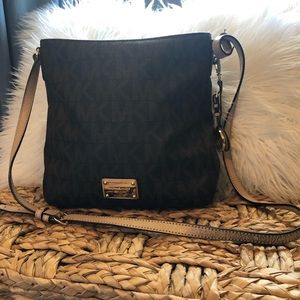 Michael Kors Crossbody Bag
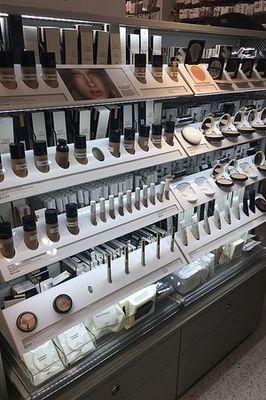 化妝品零售 洞察市場趨勢(shì)，把握消費(fèi)脈搏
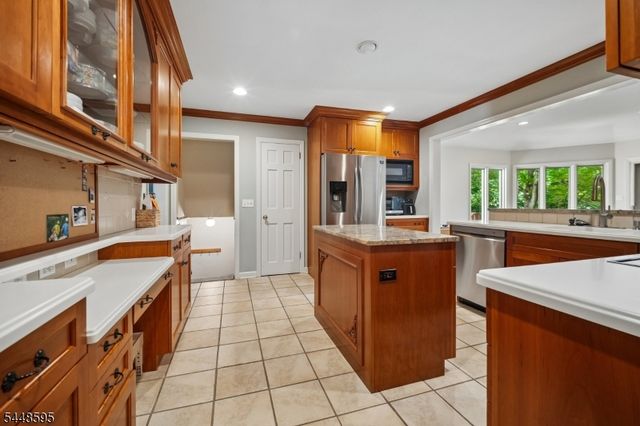 9 Coleridge Rd, Millburn Twp., NJ 07078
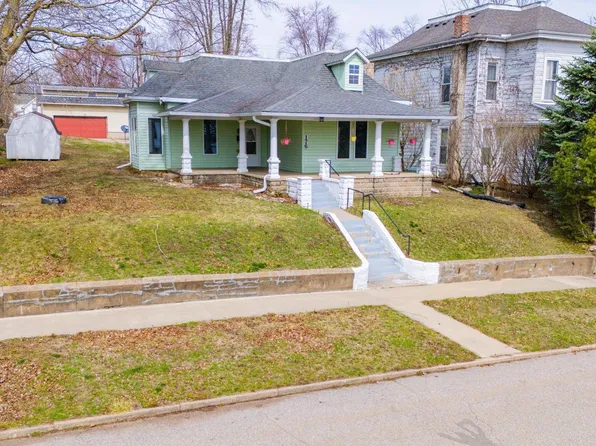 176 E Maple St, Wabash, IN 46992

Task objective: Could you write out the whole listing exactly, dropping the pictures?

Written response:
 Michael Kors Crossbody Bag
 化妝品零售 洞察市場趨勢(shì)，把握消費(fèi)脈搏
 9 Coleridge Rd, Millburn Twp., NJ 07078
 176 E Maple St, Wabash, IN 46992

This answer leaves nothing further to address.